Aside from the more conventional categories of energy efficiency and pollution prevention, the fund also eyes technology companies that could benefit the environment in less obvious ways. One example has been AIpark, a startup offering real-time parking maps that can eventually mitigate congestion and thus CO2 emissions.
A US-China effort
The cross-border investor is one-of-a-kind. It was borne out of a landmark joint effort by business leaders and diplomats from China and the U.S. — the world’s No.1 and No.2 carbon emitters — to build a climate-resilient future following Chinese President Xi Jinping’s 2015 meeting with former U.S. President Obama. Some of the fund’s notable founders include Henry Paulson, former U.S. Secretary of the Treasury and founder of the Paulson Institute, a think tank dedicated to U.S.-China relations. The other crucial founding member is China’s Office of the Central Leading Group for Financial and Economic Affairs, which is headed by Vice Premier Liu He and plays a key role in China’s economic policymaking.

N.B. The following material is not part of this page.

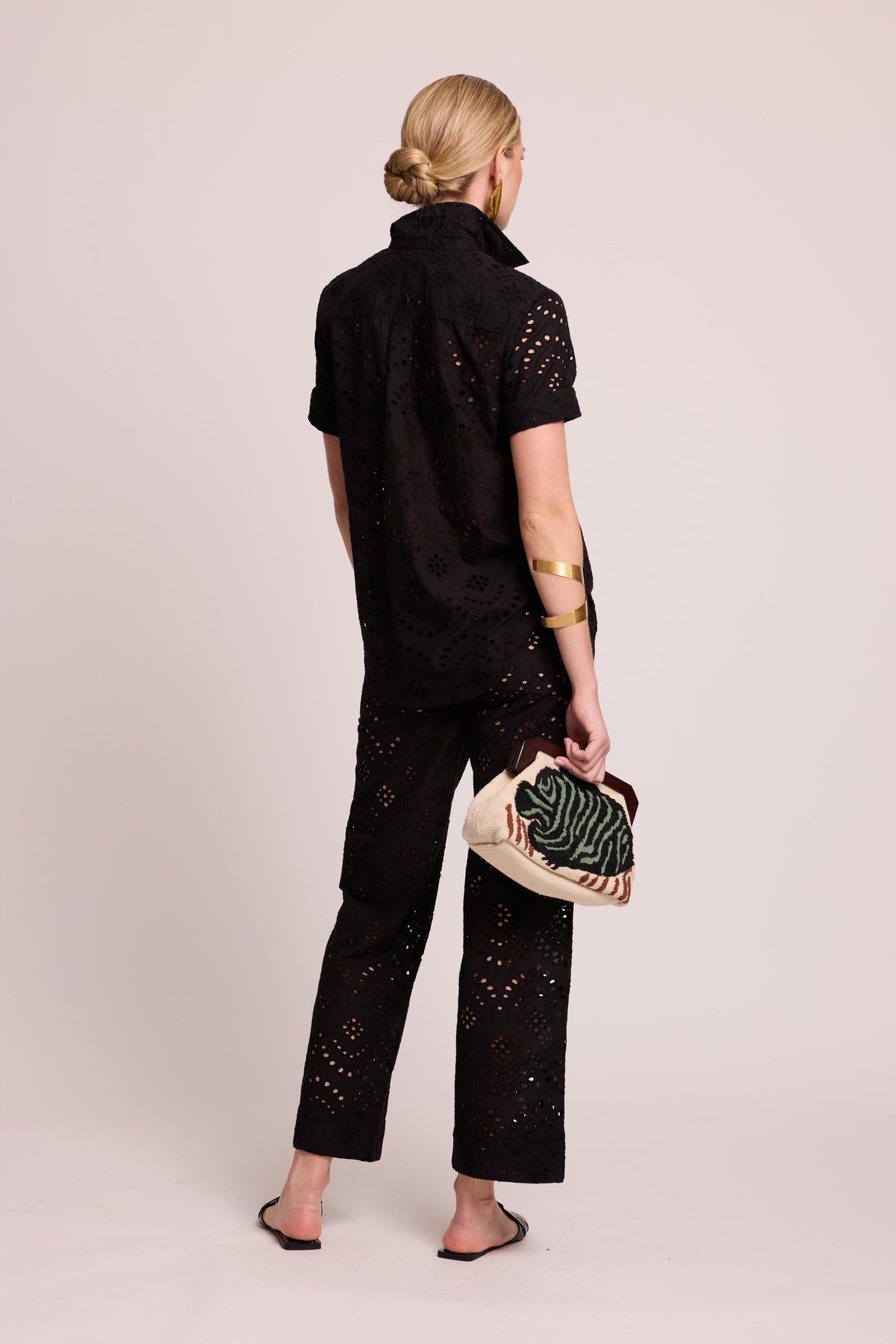 Yala Black Pyjama in EXTRA SMALL BLACK - Sustainable Fashion by KLEED LOUNGEWEAR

Trade tensions aside, another potential roadblock exists stateside for the fund: President Donald Trump’s withdrawal from the Paris Agreement and his denial of climate change’s devastating effects on the earth. But the green fund is hopeful that the President’s stance is no object, for its focus goes well beyond merely capturing carbon emissions.
“There is still a large number of companies in the U.S. working on technologies focused on improving the environment,” says Douglas Cameron, the fund’s senior managing director. “Clearly, climate change is a critical factor in our investment decisions, but a lot of the technologies that we focus on are important independent of one’s position on that topic. Clean air, water, and safer agriculture are all within our investment universe, and we believe that supporting companies and technologies that address these environmental challenges are key to sustainable development in China.”
The fund’s immunity from the trade war gets one wondering whether it could be a channel to exploit loopholes and fund companies in more politically charged sectors. The firm ruled out the possibility.
“That was never part of our consideration,” said Zhou, who stressed that the firm’s dual mission is to “improve the bilateral relationship” on top of “addressing environmental pollution through market-oriented means and generating sustainable returns.”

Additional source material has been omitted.